# [EXERCISE DIRECTIONS]
Search the entries for lines that contain the word "Modern", and report each one found.

(MATERIALS PROVIDED)

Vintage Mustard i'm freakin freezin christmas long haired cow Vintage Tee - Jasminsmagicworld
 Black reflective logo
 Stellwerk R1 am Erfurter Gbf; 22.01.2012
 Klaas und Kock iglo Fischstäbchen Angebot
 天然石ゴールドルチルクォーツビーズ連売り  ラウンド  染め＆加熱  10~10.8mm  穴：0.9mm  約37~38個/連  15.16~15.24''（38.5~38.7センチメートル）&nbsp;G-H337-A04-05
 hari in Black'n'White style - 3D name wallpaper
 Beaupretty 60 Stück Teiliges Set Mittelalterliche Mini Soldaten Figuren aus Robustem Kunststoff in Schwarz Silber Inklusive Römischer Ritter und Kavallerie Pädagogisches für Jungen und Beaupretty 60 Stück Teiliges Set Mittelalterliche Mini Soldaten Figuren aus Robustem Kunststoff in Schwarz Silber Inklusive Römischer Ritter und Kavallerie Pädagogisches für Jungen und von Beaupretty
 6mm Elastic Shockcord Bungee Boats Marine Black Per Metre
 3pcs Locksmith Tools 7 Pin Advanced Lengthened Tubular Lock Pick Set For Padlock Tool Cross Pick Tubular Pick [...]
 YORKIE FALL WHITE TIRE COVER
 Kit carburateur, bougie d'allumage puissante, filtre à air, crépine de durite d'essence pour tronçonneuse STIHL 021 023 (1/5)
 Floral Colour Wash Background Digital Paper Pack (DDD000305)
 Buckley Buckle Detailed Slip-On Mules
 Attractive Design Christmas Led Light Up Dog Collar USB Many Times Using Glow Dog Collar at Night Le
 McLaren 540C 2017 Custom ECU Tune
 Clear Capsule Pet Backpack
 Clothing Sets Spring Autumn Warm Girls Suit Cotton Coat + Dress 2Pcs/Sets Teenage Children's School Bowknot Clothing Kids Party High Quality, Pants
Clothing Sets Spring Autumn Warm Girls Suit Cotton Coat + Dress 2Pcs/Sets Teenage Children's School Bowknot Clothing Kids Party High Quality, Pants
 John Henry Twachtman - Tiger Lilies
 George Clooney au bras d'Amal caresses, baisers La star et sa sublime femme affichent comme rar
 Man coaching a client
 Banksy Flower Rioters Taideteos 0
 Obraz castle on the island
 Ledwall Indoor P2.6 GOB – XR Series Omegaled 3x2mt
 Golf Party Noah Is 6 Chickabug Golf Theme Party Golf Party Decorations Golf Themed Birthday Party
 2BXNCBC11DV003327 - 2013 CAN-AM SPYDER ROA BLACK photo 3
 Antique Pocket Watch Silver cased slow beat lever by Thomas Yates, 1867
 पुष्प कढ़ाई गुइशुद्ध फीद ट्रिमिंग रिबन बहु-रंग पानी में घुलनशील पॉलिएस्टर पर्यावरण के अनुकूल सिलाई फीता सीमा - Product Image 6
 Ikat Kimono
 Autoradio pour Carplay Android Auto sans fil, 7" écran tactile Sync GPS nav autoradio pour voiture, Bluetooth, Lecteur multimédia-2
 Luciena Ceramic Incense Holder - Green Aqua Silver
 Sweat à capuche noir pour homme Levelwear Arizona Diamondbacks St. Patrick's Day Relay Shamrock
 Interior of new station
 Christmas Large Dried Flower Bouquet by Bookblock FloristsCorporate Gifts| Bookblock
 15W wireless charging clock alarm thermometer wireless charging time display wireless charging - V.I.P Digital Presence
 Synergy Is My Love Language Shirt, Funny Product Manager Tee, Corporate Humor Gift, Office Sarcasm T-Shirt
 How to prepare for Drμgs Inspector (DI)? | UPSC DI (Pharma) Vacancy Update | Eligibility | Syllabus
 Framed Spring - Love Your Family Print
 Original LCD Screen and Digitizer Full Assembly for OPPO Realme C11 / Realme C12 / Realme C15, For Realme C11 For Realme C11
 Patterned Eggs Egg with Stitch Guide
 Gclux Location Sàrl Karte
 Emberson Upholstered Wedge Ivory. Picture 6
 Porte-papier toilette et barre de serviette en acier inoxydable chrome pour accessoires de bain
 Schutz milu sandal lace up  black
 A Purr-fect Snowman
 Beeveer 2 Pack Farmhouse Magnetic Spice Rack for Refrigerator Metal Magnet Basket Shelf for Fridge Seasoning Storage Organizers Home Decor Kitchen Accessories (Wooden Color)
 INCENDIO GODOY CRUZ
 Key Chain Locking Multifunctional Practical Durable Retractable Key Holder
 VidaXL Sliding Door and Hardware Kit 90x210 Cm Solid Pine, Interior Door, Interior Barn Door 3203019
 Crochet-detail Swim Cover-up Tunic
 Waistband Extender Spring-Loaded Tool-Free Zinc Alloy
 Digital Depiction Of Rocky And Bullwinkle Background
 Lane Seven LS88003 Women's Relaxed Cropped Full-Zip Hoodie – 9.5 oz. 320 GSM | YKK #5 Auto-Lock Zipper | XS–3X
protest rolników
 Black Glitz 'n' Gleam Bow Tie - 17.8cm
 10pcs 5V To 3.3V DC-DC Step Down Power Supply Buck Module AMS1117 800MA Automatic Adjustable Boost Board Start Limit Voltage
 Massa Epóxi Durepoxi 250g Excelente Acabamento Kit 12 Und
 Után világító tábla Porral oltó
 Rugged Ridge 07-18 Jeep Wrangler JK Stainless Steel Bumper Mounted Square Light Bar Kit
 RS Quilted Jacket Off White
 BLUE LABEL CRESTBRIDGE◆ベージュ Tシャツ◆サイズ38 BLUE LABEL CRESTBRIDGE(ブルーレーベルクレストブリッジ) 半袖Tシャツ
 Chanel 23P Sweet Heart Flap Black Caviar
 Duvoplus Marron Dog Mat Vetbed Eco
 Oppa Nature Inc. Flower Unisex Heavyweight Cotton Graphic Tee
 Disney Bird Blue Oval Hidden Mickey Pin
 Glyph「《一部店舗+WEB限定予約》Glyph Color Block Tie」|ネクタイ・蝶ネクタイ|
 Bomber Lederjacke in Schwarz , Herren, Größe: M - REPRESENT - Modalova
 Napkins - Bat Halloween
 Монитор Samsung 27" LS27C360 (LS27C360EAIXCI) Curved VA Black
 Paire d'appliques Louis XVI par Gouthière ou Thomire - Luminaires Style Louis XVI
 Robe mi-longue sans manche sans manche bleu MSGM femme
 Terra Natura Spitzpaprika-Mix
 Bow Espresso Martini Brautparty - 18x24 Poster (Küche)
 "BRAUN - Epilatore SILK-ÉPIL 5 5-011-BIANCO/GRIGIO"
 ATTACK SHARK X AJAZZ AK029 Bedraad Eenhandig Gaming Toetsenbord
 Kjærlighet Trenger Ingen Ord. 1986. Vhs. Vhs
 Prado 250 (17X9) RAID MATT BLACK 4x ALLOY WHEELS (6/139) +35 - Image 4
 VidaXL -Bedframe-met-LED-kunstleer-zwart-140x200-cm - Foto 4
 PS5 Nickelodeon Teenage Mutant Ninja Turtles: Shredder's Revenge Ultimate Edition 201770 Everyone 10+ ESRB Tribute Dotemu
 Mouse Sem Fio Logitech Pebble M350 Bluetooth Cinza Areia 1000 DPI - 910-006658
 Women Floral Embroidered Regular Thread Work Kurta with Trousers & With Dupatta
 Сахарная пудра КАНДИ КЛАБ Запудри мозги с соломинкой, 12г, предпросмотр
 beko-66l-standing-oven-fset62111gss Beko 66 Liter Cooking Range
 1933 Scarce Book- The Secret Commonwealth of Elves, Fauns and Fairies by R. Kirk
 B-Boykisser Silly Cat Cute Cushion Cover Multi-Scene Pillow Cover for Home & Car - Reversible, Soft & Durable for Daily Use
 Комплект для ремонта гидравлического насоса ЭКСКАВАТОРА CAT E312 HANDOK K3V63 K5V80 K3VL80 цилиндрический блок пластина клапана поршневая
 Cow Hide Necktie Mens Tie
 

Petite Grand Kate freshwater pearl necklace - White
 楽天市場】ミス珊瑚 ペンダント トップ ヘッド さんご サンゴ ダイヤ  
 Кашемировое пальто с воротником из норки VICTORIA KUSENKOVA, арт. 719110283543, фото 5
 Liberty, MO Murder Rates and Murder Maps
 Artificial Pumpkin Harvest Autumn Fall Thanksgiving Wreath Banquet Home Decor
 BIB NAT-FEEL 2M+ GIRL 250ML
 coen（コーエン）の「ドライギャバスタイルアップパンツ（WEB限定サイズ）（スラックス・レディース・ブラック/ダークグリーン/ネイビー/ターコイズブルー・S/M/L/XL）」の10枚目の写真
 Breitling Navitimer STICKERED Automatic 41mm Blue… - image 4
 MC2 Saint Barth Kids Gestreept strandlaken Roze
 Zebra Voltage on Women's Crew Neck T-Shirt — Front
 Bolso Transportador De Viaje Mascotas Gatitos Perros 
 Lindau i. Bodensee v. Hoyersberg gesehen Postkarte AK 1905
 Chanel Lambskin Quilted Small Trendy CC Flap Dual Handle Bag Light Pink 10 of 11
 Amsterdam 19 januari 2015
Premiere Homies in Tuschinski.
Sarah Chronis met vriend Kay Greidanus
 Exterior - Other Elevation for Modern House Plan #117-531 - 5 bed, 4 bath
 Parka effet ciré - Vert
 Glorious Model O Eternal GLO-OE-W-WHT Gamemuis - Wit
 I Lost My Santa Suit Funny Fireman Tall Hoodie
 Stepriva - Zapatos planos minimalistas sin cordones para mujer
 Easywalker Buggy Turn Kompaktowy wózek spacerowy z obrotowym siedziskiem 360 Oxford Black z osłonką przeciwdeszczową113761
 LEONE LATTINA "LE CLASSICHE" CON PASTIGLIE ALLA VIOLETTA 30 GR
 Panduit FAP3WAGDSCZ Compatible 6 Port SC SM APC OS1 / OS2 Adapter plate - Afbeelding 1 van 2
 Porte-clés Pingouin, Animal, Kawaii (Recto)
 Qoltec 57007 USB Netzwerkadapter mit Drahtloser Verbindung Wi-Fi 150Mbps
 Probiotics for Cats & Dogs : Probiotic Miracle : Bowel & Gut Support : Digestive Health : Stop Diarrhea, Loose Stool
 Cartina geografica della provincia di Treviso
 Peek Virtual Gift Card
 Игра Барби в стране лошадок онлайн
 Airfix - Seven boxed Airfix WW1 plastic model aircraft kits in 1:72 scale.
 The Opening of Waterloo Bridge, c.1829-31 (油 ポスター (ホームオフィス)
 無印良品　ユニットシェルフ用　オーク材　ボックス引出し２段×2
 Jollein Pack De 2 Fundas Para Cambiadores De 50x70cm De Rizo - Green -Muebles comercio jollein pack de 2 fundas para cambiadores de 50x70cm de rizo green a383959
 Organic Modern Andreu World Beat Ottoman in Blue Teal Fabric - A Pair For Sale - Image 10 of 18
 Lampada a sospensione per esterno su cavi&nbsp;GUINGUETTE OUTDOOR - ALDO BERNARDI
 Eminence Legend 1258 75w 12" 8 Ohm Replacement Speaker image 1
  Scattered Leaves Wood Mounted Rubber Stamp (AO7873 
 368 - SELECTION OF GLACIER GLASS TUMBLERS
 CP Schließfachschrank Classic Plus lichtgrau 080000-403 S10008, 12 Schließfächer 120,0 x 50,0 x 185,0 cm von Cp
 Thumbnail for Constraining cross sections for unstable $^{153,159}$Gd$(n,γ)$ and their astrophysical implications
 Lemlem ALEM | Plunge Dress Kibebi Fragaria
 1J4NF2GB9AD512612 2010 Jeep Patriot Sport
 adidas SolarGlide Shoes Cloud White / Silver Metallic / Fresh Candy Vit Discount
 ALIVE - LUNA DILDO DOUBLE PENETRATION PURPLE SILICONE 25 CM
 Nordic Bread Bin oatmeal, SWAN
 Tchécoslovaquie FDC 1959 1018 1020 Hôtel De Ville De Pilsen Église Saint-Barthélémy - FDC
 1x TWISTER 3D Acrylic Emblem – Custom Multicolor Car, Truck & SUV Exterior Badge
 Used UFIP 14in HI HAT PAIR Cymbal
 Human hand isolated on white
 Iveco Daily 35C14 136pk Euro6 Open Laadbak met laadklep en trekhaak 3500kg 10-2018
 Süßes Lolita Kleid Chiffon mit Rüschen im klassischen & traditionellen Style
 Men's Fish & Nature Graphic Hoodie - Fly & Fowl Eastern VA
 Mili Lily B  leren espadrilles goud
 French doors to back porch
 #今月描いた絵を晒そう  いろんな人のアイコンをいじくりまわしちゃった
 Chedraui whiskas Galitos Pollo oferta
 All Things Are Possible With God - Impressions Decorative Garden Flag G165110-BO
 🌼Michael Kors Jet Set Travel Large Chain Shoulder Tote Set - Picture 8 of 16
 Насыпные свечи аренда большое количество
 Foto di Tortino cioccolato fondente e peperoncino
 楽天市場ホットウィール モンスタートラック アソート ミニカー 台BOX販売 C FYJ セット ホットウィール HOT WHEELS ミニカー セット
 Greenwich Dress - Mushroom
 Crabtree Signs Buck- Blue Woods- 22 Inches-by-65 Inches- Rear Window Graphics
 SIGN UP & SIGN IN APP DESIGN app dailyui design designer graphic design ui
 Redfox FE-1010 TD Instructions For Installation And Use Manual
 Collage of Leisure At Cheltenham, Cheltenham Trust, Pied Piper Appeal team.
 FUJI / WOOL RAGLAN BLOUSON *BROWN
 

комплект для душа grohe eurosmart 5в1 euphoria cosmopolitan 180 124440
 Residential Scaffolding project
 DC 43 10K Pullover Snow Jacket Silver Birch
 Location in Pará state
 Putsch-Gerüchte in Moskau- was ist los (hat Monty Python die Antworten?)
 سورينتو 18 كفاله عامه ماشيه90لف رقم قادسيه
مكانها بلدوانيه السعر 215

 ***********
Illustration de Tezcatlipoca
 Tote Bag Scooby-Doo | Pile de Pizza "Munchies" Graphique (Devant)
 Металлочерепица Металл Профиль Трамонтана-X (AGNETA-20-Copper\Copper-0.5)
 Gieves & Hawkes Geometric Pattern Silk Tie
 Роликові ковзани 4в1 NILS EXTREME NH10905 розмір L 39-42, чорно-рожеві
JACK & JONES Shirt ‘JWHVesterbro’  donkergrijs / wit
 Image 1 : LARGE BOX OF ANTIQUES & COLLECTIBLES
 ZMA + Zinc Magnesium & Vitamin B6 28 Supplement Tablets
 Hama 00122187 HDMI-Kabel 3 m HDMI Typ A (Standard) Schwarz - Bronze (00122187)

(End MATERIALS PROVIDED)

# [ANSWER BELOW]
 Exterior - Other Elevation for Modern House Plan #117-531 - 5 bed, 4 bath
 Organic Modern Andreu World Beat Ottoman in Blue Teal Fabric - A Pair For Sale - Image 10 of 18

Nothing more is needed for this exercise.